Im Juli letzten Jahres exportierte die Stanser Pilatus ein Flugzeug des Typs PC-9 ins Bürgerkriegsland Tschad. Das Geschäft wurde damals mit der Begründung bewilligt, die Maschine werde nur für Trainingszwecke gebraucht. Jetzt verdichten sich die Hinweise, dass das Flugzeug bereits zwei Monate nach der Ausfuhr bewaffnet und gegen Rebellen eingesetzt wurde.

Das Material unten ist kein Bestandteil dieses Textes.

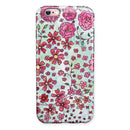 Floral Pattern on Light Green Watercolor iPhone 6/6s or 6/6s Plus 2-Piece Hybrid INK-Fuzed Case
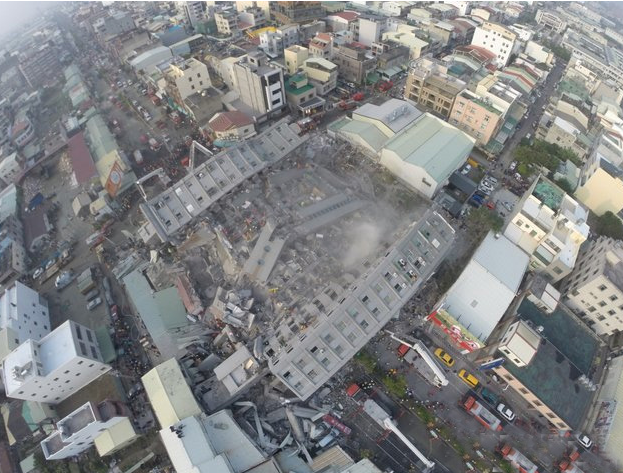 臺(tái)灣高雄發(fā)生6.7級(jí)地震 多棟大樓倒塌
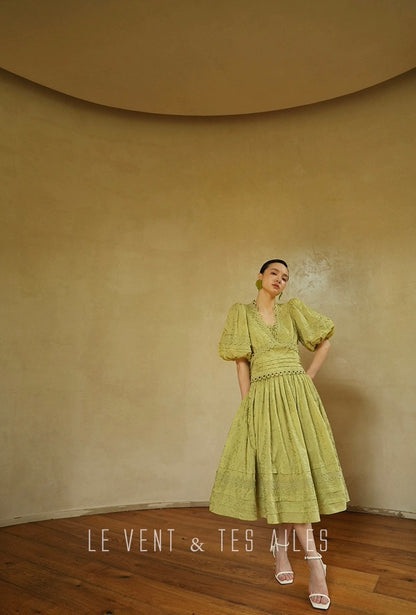 LE VENT & TES AILES | Écriture Fine Skirt Set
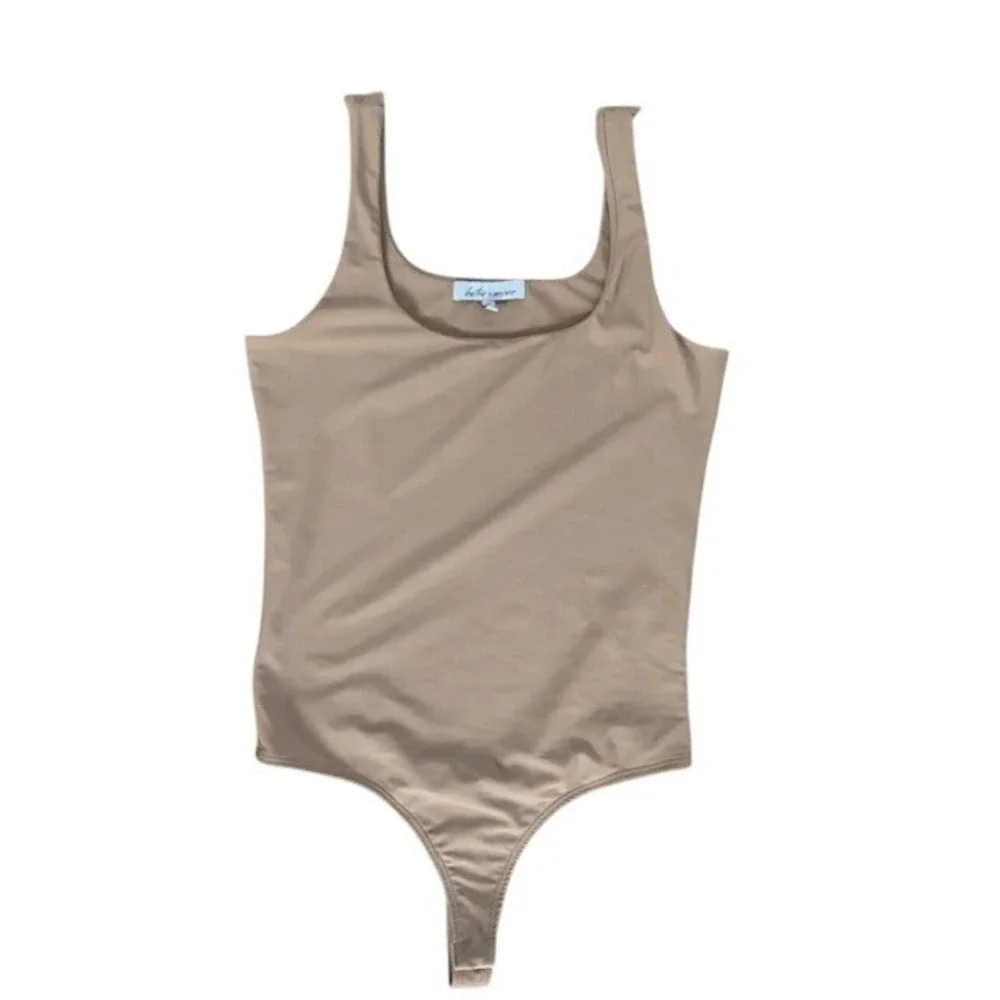 Betro Simone Tan Cassidy Thong Bodysuit‎ Small Made in USA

Am 7. Juli 2006 wurde bekannt, dass die Stanser Pilatus-Werke kurz vor der Auslieferung eines Leichtflugzeugs des Typs PC-9 an das tschadische Regime unter Idriss Déby standen. Othmar Wyss, der beim Staatssekretariat für Wirtschaft für die Bewilligung von Waffenausfuhren zuständig ist, sagte damals gegenüber der Nachrichtensendung 10vor10, er gehe davon aus, dass das Flugzeug nur fürs Training gebraucht werde. Diese Argumentation schien von vornherein fadenscheinig, besitzt die tschadische Luftwaffe doch gar keine Kampfflugzeuge, für die Piloten ausgebildet werden müssten. Jetzt verdichten sich die Hinweise, dass das Déby-Regime die Maschine mit Waffen ausgestattet und im Kampf eingesetzt hat.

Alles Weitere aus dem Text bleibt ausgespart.